Task objective: Beginning with the line that contains "1707 Walnut St", copy each subsequent line of the data below through the last one, including both ends but not the pictures.

Raw data:

-- -- --

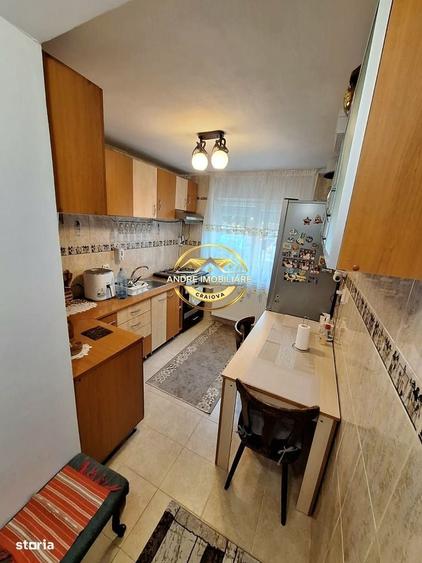 Apartament cu 2 camere semidecomandat în Valea Rosie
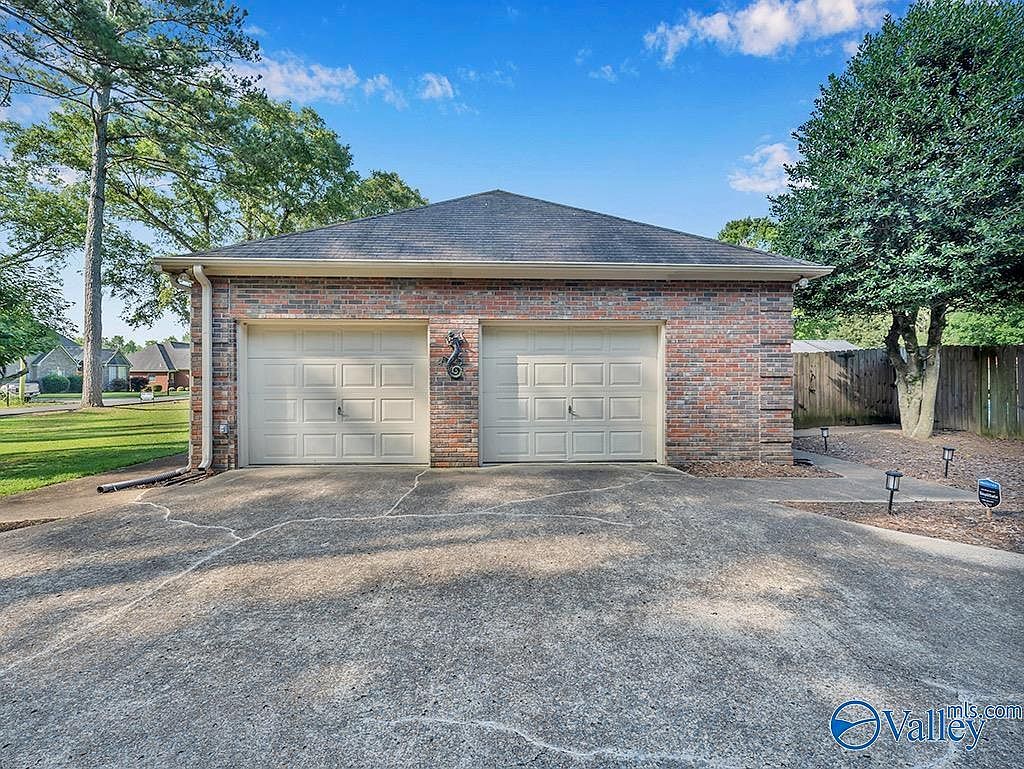 1707 Walnut St Albertville, AL 35950 - Thumbnail 3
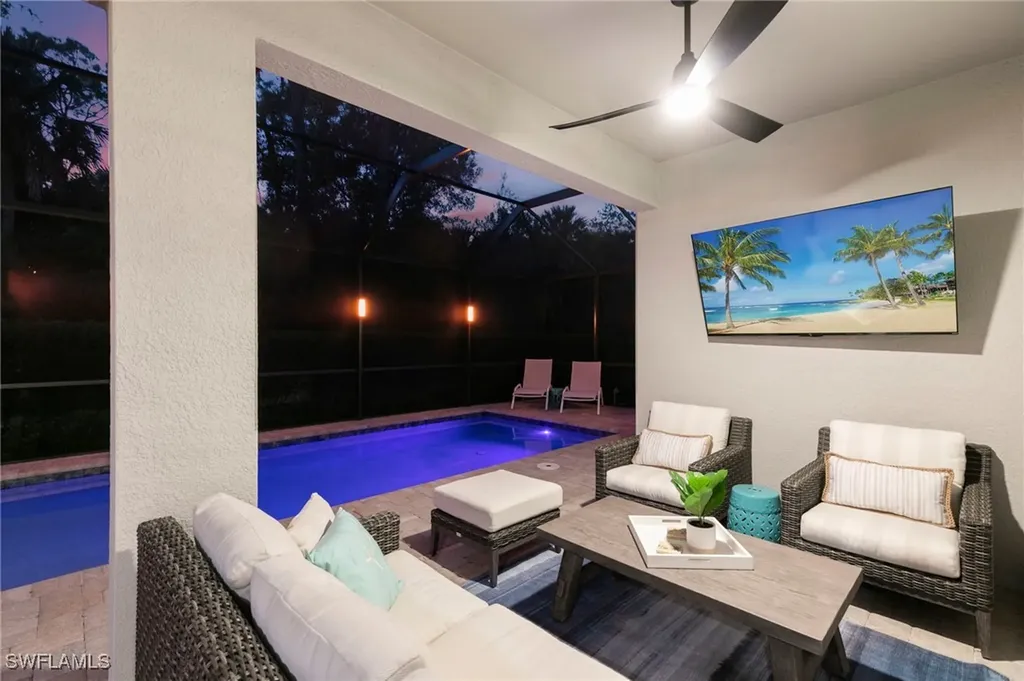 10483 Ventana Lane Naples FL 34120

-- -- --

Solution for this problem:
 1707 Walnut St Albertville, AL 35950 - Thumbnail 3
 10483 Ventana Lane Naples FL 34120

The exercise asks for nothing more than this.